Dios en tres personas
Creemos en un solo Dios verdadero y viviente (Dt. 6:4), que existe eternamente en tres personas: Padre, Hijo y Espíritu Santo (Mt. 28:19). Estas tres personas son de la misma sustancia, iguales en poder y gloria, y merecedoras de nuestra adoración.
Dios Padre: Fuente de toda vida y autoridad. Él ordenó todas las cosas desde la eternidad (Ef. 1:3-6).
Dios Hijo: El Verbo eterno, que se hizo carne para nuestra redención (Jn. 1:1,14; Heb. 1:1–3).
Dios Espíritu Santo: Es la tercera persona de la trinidad. Obra en la regeneración, santificación y consolación del creyente (Jn. 14:16-17; Ro. 8:14-16).
La Biblia
La Santa Escritura es la única regla suficiente, segura, infalible e inerrante de todo conocimiento, fe y obediencia salvadora (2 Tim. 3:16-17; Salmo 19:7-9; Mateo 4:4). Fue inspirada por Dios a través del Espíritu Santo y escrita por hombres que hablaron siendo impulsados por el Espíritu Santo de Dios (2 Pe. 1:21). Por tanto, es autoritativa en todo asunto de fe y práctica.
La revelación de Dios
Dios se ha dado a conocer de dos maneras:
Revelación natural: Por medio de la creación y la conciencia, dejando a los hombres sin excusa (Sal. 19:1-4; Ro. 1:19-20).
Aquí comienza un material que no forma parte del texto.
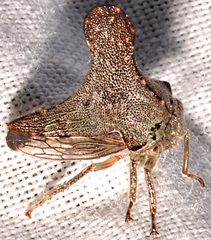 Glossonotus acuminatus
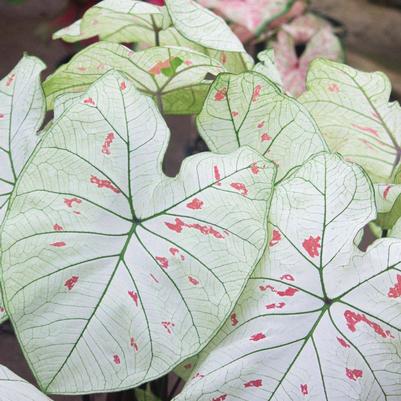 Caladium Strawberry Star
Revelación especial: Por medio de Su Palabra escrita y, supremamente, a través de Su Hijo Jesucristo (Heb. 1:1-2; Jn. 17:17).
La creación
Creemos que en el principio, Dios, por el poder de Su Palabra y para la manifestación de Su gloria, creó de la nada el mundo y todo lo que en él hay en el espacio de seis días, y todo ello bueno (Gn 1:1; Ex. 20:11; Jn. 1:3; Sal. 33:6; Col. 1:16). Creemos además que Dios creó al ser humano, varón y hembra, a Su propia imagen y semejanza como pináculo de la creación (Gn 1:26–27). También, les dio la misión de ciudar de la creación y llenar la tierra con su descendencia
El pecado
El pecado entró en el mundo por la desobediencia de Adán (Gn. 3:1-24), y por él, la muerte pasó a todos los hombres (Ro. 5:12). Desde entonces, la humanidad ha heredado una naturaleza caída (Ro. 6:23), totalmente incapaz de agradar a Dios por sí misma (Ef. 2:1-3). El hombre en su estado natural no tiene comunión con Dios y está muerto en sus delitos y pecados (Jer. 17:9; Ef. 2:1).
La redención de los pecadores
Dios, en Su gracia, proveyó redención mediante Jesucristo (Ef. 1:7), quien murió como sustituto por los pecadores (Ro. 3:23-26). Esta redención es aplicada por el Espíritu mediante la fe (Ro. 5:1), un don de Dios (Ef. 2:8-9). La Escritura también lo define como un “nuevo nacimiento” (Jn 3:3-8).
La obra perfecta de Cristo a favor de sus hijos
Cristo vivió sin pecado (Heb. 4:15), murió en la cruz como sacrificio expiatorio (Is. 53:4-6) y resucitó al tercer día (1 P. 1:3; 1 Co. 15:3-4). Su obra es perfecta, completa y suficiente para salvar eternamente a todos los que creen en Él. Hoy Cristo reina en su trono celestial e interceder por sus santos ante el Padre (Heb. 10:14-16).
La iglesia
La Iglesia es el pueblo de Dios, redimido por Cristo, llamado a vivir en comunión, adoración y misión. Cristo es su Cabeza, y los creyentes son su cuerpo (Ef. 1:22-23). El bautismo y la cena del Señor Son ordenanzas establecidas por Cristo para Su Iglesia. El bautismo es la señal de la unión con Él (Mt. 28:19; Ro. 6:3-4), y la Cena es un recordatorio de Su muerte hasta que Él venga (1 Co. 11:23-26).
Cielos Nuevos y Tierra Nueva
Creemos en la esperanza gloriosa del regreso de Cristo, quien juzgará a vivos y muertos (t 25:31-46). Los redimidos gozarán de la presencia de Dios en cielos nuevos y tierra nueva, donde no habrá más pecado ni muerte (: 2 Pedro 3:13; Ap. 21:1-5).